**WORK ORDER**
Repeat exactly, and only, the lines from the one containing "Women's Tan Cargo" through the end of the records.

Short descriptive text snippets
*** Block opens ***
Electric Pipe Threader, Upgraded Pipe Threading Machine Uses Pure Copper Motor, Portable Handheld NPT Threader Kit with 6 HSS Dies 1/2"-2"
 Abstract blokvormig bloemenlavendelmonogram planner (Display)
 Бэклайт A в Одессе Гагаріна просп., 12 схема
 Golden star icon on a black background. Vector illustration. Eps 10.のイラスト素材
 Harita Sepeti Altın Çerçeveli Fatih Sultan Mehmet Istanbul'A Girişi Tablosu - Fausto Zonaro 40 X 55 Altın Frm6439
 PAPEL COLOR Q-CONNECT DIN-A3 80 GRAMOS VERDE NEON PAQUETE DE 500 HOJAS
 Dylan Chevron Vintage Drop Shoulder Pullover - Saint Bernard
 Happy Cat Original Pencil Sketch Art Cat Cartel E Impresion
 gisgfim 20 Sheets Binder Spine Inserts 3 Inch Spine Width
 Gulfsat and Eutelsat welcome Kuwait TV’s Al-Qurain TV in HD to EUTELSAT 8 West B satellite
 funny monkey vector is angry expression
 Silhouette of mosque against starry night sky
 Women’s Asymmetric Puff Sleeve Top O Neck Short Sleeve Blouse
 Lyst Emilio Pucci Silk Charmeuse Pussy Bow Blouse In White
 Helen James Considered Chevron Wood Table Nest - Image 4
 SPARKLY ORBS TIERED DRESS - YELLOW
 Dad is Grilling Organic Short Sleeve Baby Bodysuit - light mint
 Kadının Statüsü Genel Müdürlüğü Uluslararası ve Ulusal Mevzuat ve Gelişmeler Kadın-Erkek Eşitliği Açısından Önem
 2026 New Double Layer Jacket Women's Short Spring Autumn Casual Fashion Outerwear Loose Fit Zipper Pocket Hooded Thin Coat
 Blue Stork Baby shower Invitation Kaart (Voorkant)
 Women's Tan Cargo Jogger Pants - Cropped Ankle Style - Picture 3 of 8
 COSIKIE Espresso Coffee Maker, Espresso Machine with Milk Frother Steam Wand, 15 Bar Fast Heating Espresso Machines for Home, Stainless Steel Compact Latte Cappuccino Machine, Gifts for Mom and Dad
*** Block closes ***
**EXERCISE RESPONSE**
 Women's Tan Cargo Jogger Pants - Cropped Ankle Style - Picture 3 of 8
 COSIKIE Espresso Coffee Maker, Espresso Machine with Milk Frother Steam Wand, 15 Bar Fast Heating Espresso Machines for Home, Stainless Steel Compact Latte Cappuccino Machine, Gifts for Mom and Dad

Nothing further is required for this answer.